The identification of factors predisposing to severe COVID-19 in young adults remains partially characterized. Low birth weight (LBW) alters cardiovascular and lung development and predisposes to adult disease. We hypothesized that LBW is a risk factor for severe COVID-19 in non-elderly subjects. We analyzed a prospective cohort of 397 patients (18–70 years) with laboratory-confirmed SARS-CoV-2 infection attended in a tertiary hospital, where 15% required admission to Intensive Care Unit (ICU). Perinatal and current potentially predictive variables were obtained from all patients and LBW was defined as birth weight ≤ 2.500 g.
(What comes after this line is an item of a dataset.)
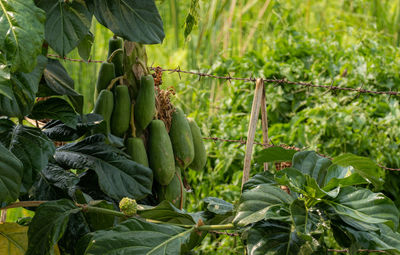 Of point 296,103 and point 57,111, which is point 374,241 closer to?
point 57,111

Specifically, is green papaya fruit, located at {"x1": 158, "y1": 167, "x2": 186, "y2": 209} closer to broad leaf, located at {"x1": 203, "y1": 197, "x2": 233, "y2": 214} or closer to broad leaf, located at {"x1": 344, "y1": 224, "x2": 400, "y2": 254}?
broad leaf, located at {"x1": 203, "y1": 197, "x2": 233, "y2": 214}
Age (adjusted OR (aOR) 1.04 [1–1.07], P = 0.012), male sex (aOR 3.39 [1.72–6.67], P < 0.001), hypertension (aOR 3.37 [1.69–6.72], P = 0.001), and LBW (aOR 3.61 [1.55–8.43], P = 0.003) independently predicted admission to ICU. The area under the receiver-operating characteristics curve (AUC) of this model was 0.79 [95% CI, 0.74–0.85], with positive and negative predictive values of 29.1% and 97.6% respectively. Results were reproduced in an independent cohort, from a web-based survey in 1822 subjects who self-reported laboratory-positive SARS-CoV-2 infection, where 46 patients (2.5%) needed ICU admission (AUC 0.74 [95% CI 0.68–0.81]). LBW seems to be an independent risk factor for severe COVID-19 in non-elderly adults and might improve the performance of risk stratification algorithms.